Di origini contadine, si era adattata alla scelta di abbandonare la carriera per dedicarsi al mestiere di madre e moglie, e non ne avrebbe sofferto troppo se in cambio avesse ricevuto, se non proprio la felicità, almeno la serenità immaginata. Ma un giorno il marito la ritrova con un’ascia conficcata nella testa nella casa di provincia non lontana da New York comprata appena un anno prima, per consentire a lui, giovane e ambizioso docente di storia dell’arte con natali altolocati, di insegnare in una buona università, se non proprio d’eccellenza. Dopo il delitto, la narrazione arretra, riparte da un anno prima, sembra sterzare verso il gotico.

L’assassinio di Catherine non è la prima tragedia che si compie tra quelle mura: già i proprietari della fattoria, costretti dalle ipoteche e dalle banche a dar via la casa di famiglia, si erano uccisi col gas, lasciando tre figli maschi bellissimi e forse anche l’ombra della donna a vagare per la casa maledetta. È appena un tratto di pennello, leggero e perfettamente misurato: perché poi Elizabeth Brundage cambia di nuovo registro, centra l’obiettivo sulle vite, le infelicità e le insoddisfazioni della comunità composta dalle famiglie che si sono trasferite dalla metropoli nella cittadina, senza mai amalgarsi davvero con la ruvida popolazione autoctona.

Così, il romanzo acquista una tonalità da moderna Peyton Place, e lo spettro di Ella, la moglie infelice suicidatasi col gas non per sua scelta ma per compiacere il marito, veglia dall’aldilà su matrimoni altrettanto malriusciti, su amori che non hanno saputo mantenere le promesse, su donne e mogli frustrate e incomprese.

La componente noir, spogliata ora di ogni connotato giallo, prende di nuovo il sopravvento verso la fine del libro: in modo magistrale, lasciando trasparire poco a poco, dietro la facciata piatta di una persona con appena qualche punta di eccentricità, una verità maniacale e assassina, in un crescendo di orrore e follia che regge il confronto con i raggelanti libri di Jim Thompson.
Il romanzo, tuttavia, non si configura come un attraversamento virtuosistico di generi letterari diversi. Elizabeth Brundage prende e dosa con misura ciò che le serve, inclusi i frequenti riferimenti dotti al filosofo mistico e padre dello spiritismo Emanuel Swedenborg e al grande pittore americano ottocentesco George Inness, che di Swedenborg era seguace. Poi amalgama il tutto con uno stile molto personale, che sfugge alle regole non codificate ma rigide della letteratura di genere, per comporre un quadro tragico che lei stessa, quasi di sfuggita, indica come «il disincanto del matrimonio».

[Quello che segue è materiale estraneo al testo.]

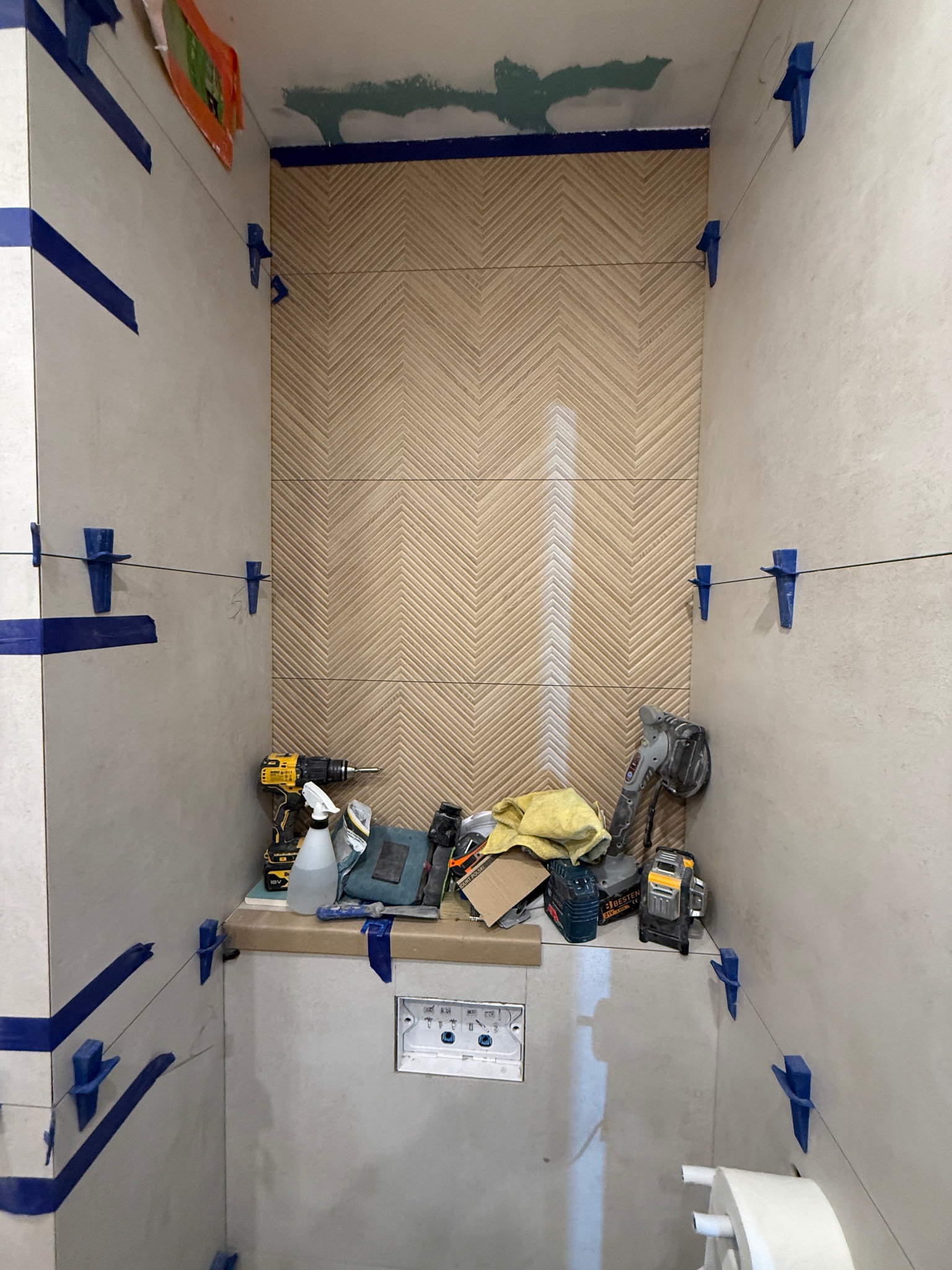 Układanie płytek w łazience z użyciem poziomicy laserowej i klipsów. Na półce widoczne narzędzia: wiertarka, szlifierka kątowa i akcesoria glazurnicze.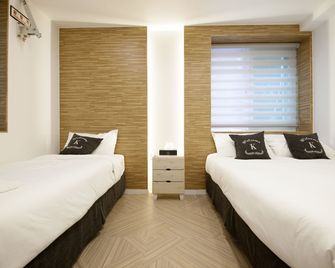 K-Guesthouse Seomyeon 1 - פוסן - חדר שינה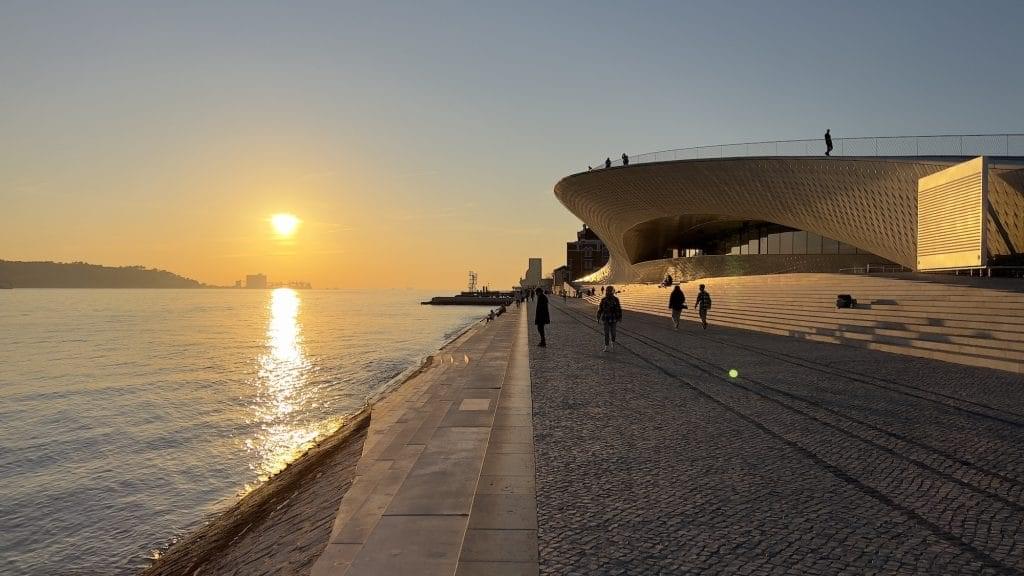 People walking along the river tagus with the maar museum in the background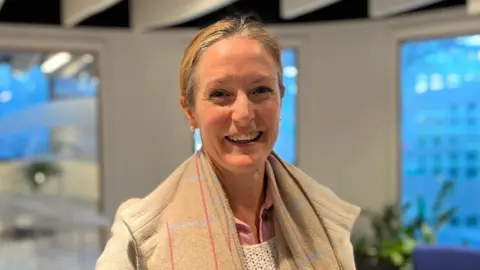 A smiling woman with her hair pulled back wearing a beige scarf and jacket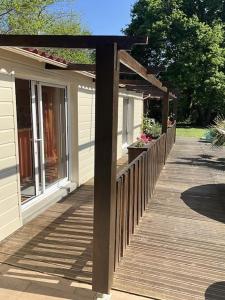 a wooden boardwalk leading to a house with a wooden pergola at Maison sous les chênes in Le Gua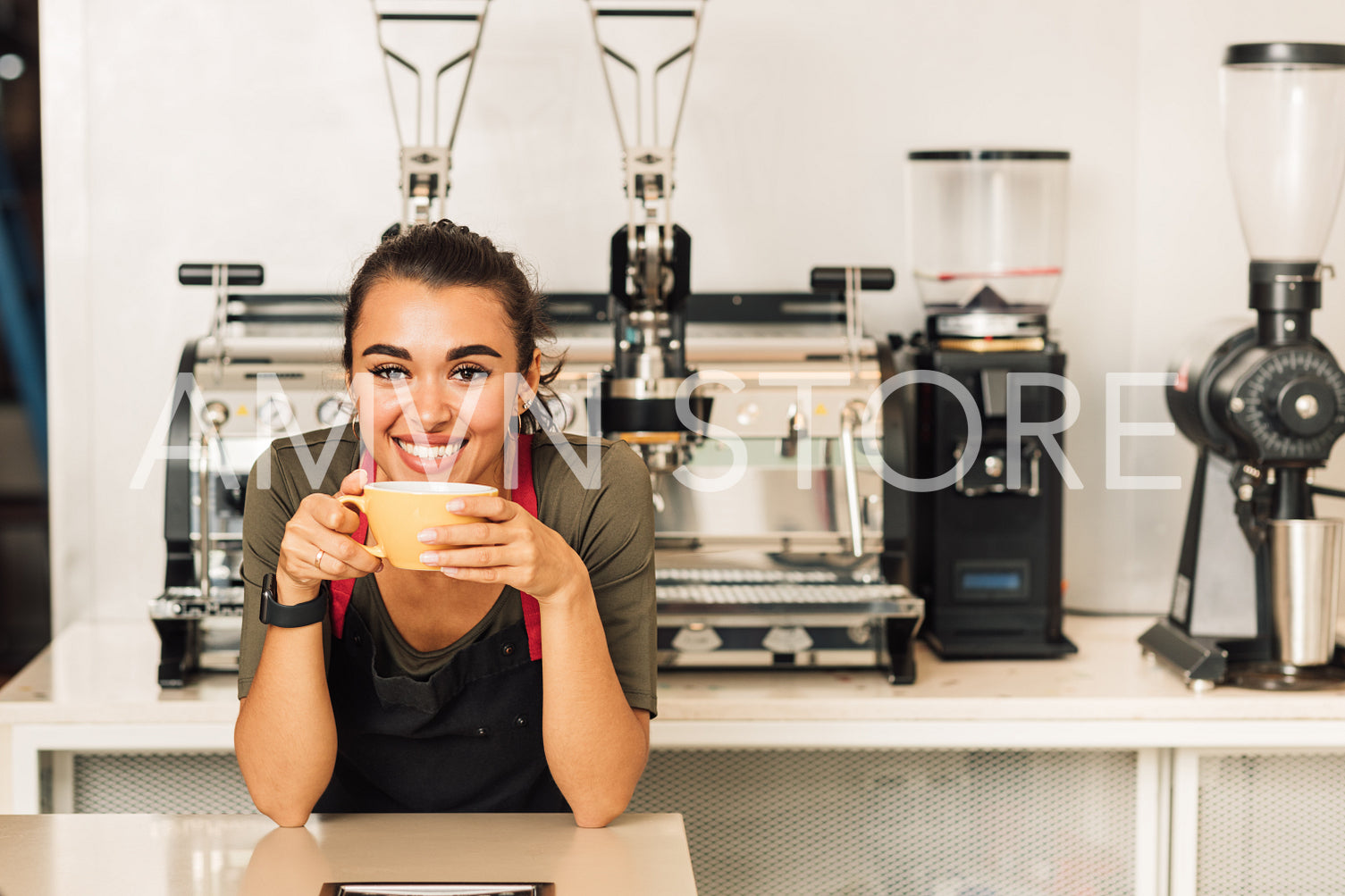 Smiling woman in apron leaning on a table while drinking coffee. Portrait of a waitress standing in front of the coffee machine.	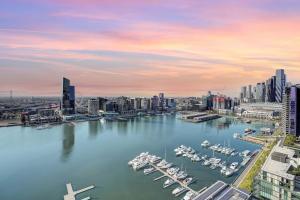 a view of a harbor with boats in the water at Wake Up in Front of Water Bay Beckons- 2B2B1C in Melbourne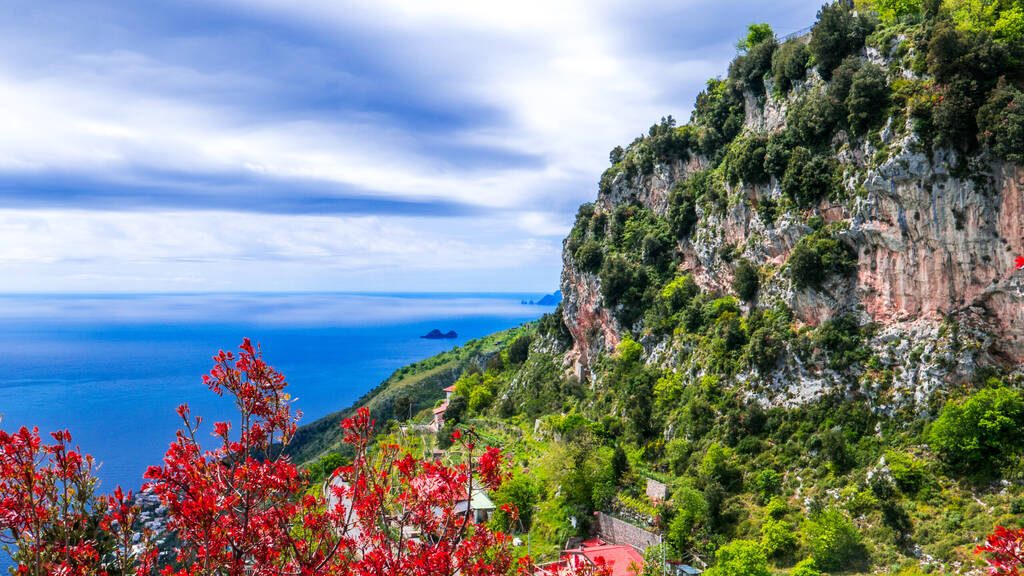 Panoramic view of the Amalfi coastline, with vertical rocky cliffs and luxuriant vegetation, against a deep blue Mediterranean sea. Amalfi Costline, Naples, Italy.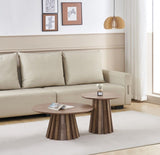 Walnut veneer round side table styled beside a sofa in a living room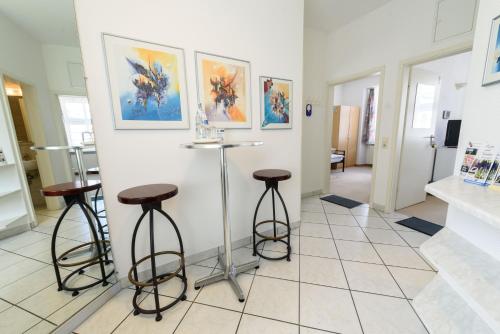 a room with three bar stools and paintings on the wall at Hotel Böving in Breckerfeld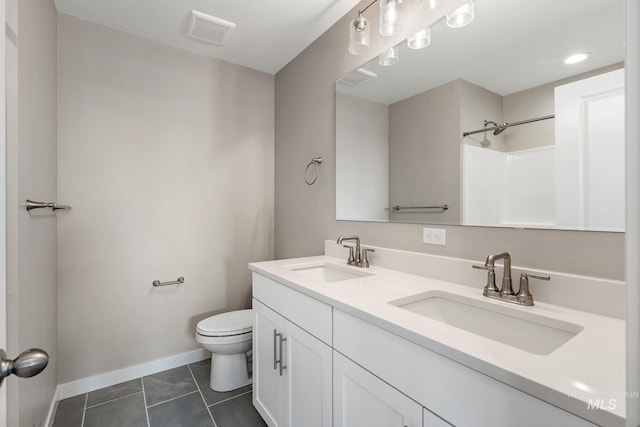 bathroom featuring tile patterned flooring, toilet, visible vents, and a sink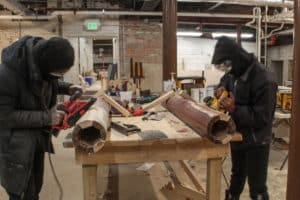 Two people wearing black sweatshirts use power tools to strip and sand columns.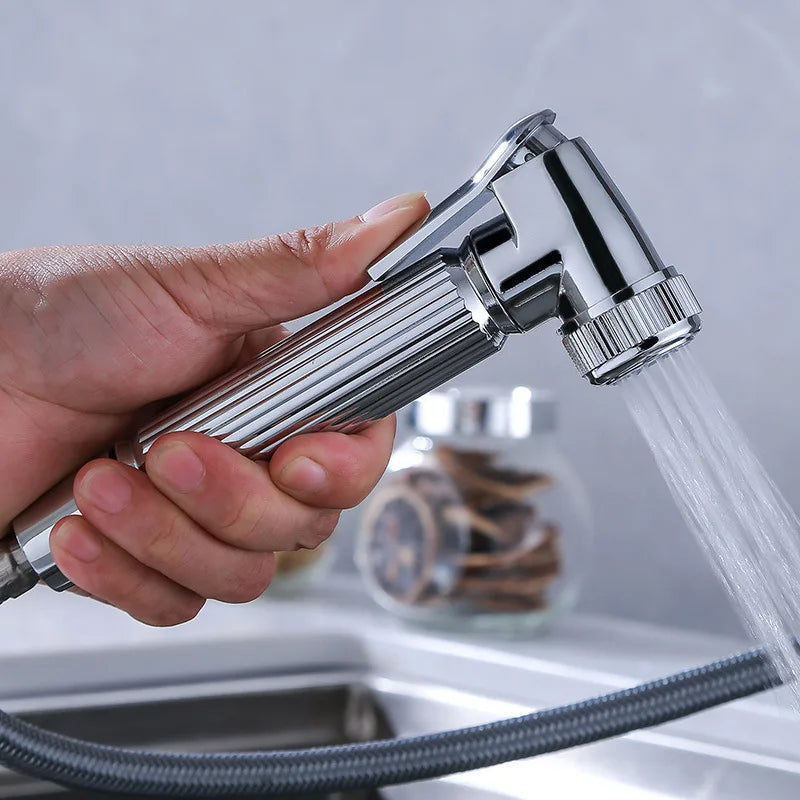 Black deck-mounted kitchen sink faucet by MC THE BLACK DIAMOND with flexible pull-out spout, hot and cold water controls.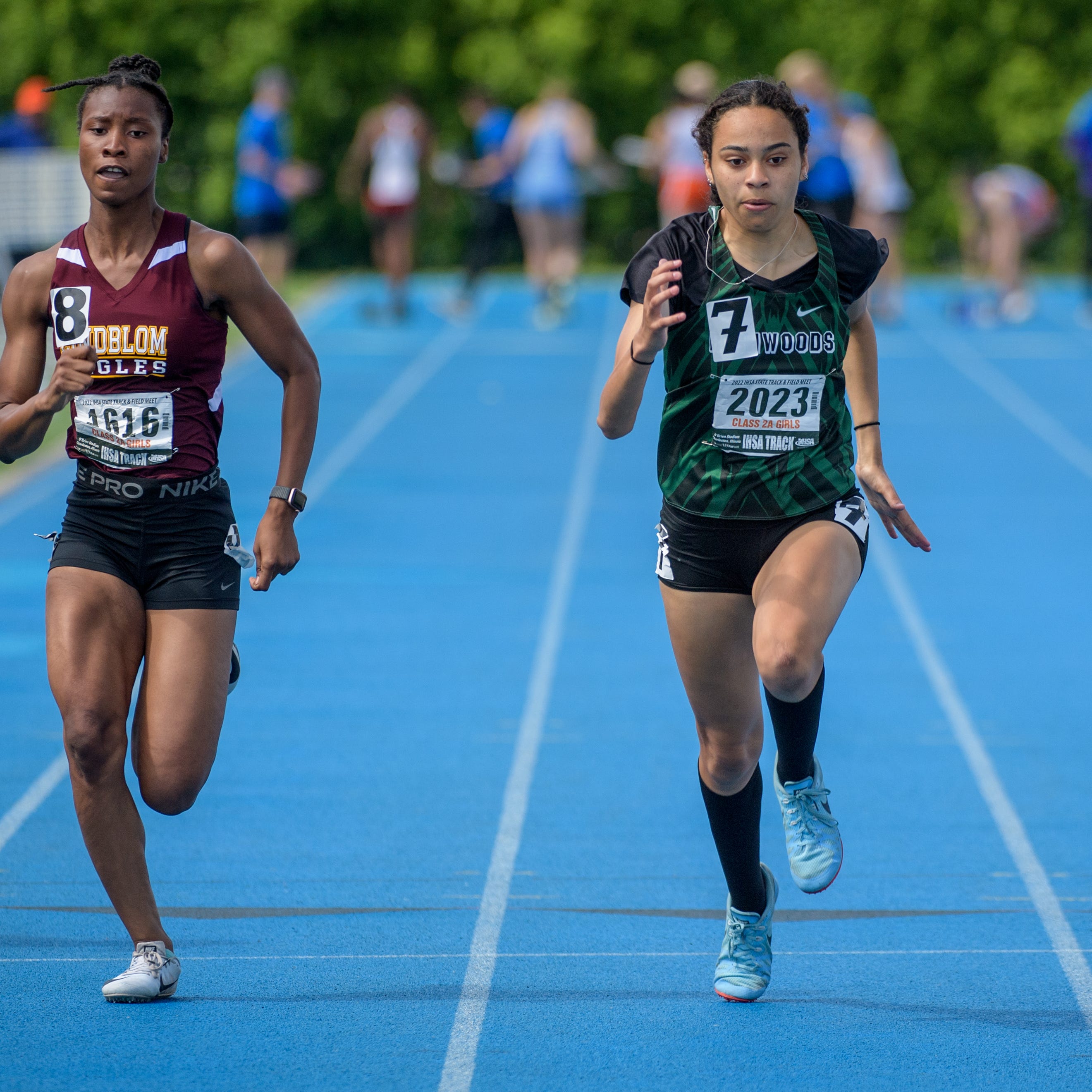 Richwoods' Lena Jackson, middle, sprints against Symone Frison of Chicago Lindblom, left, and Lamonyca Bryant of Chicago Westinghouse in the 100-meter dash during the Class 2A State Track and Field Championships on Saturday, May 21, 2022 at Eastern Illinois University. Jackson took fourth place while Bryant placed second and Frison finished in sixth place.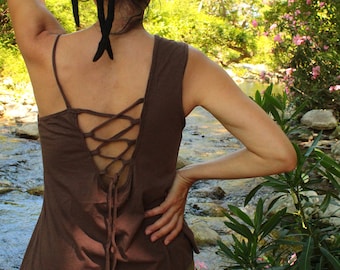 May include: A brown sleeveless top with a lace-up back detail. The top is worn by a person with long black hair, standing in a natural setting.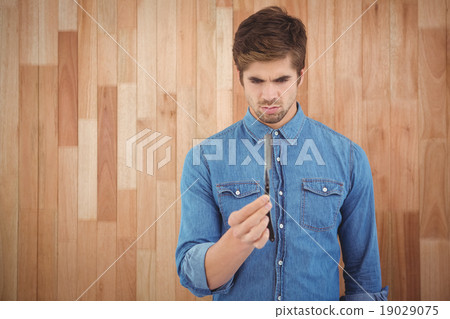Concentrated hipster holding straight edge razor Concentrated hipster holding straight edge razor 19029075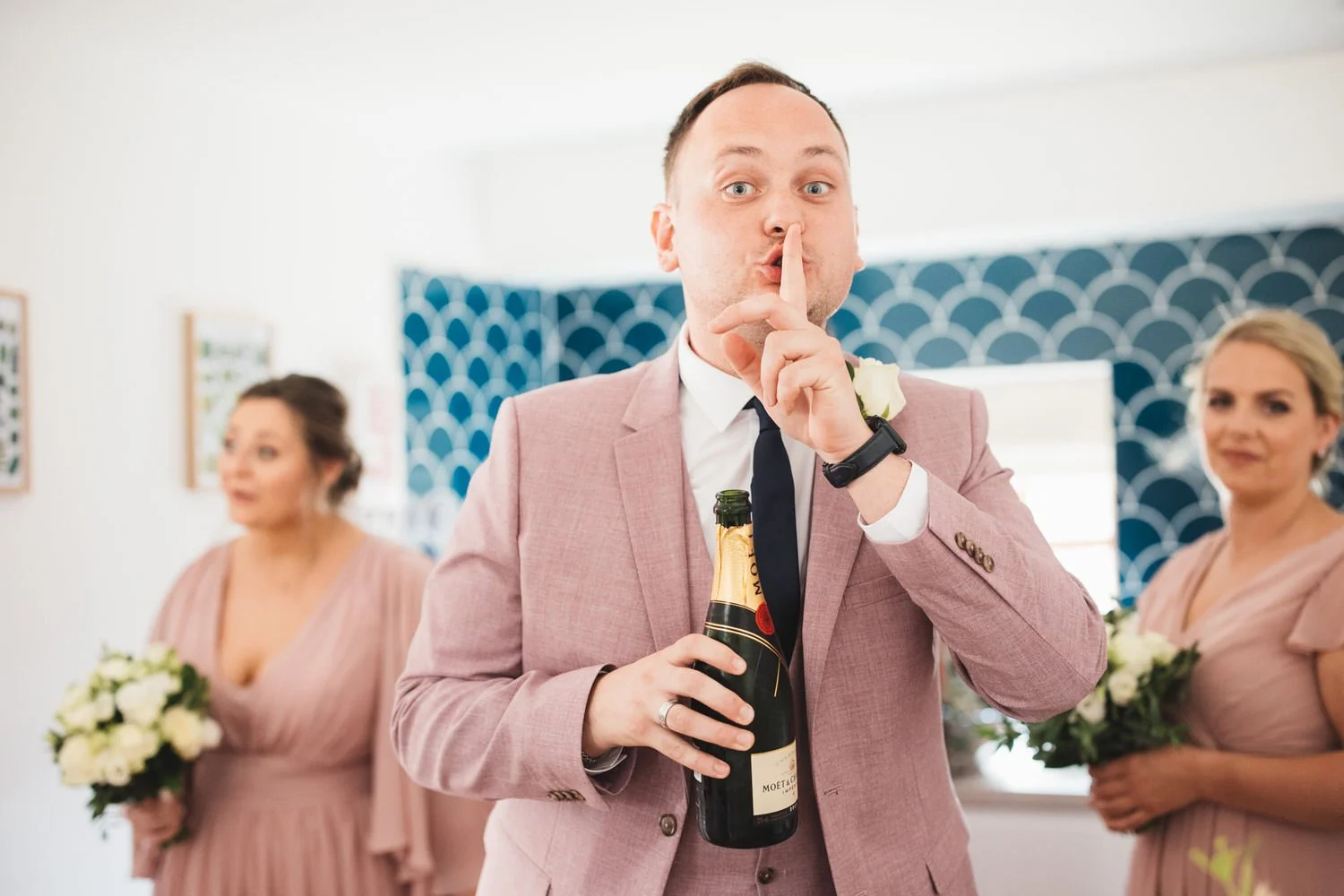 One of the bride's friends holds a finger to his lips in a "ssh" pose as he holds an open bottle of Moët champagne on the wedding morning. He wears a dusty pink suit and the bridesmaids are in the background.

Ma è chiaro che le ambizioni dell’autrice vanno molto oltre una dissertazione sulla miseria della vita coniugale nell’America del tardo Novecento. Il matrimonio è ricerca sia di felicità che di senso e il disincanto che lo avvolge rinvia a una disillusione più generale, comune a quasi tutti i moltissimi personaggi del libro: le cose non vanno mai come ce le si aspettava, e la vita si risolve spesso in una collezione di rimpianti. Il solo modo per sfuggire alla morsa della disillusione va cercato forse in quella dimensione di cui parlava Inness, ispirato da Swedenborg, quando spiegava il naturalismo solo di superficie della sua pittura, dicendo – e sono queste sue parole a avere ispirato il titolo del libro: «La bellezza dipende dal non-visto: il visibile sopra l’invisibile».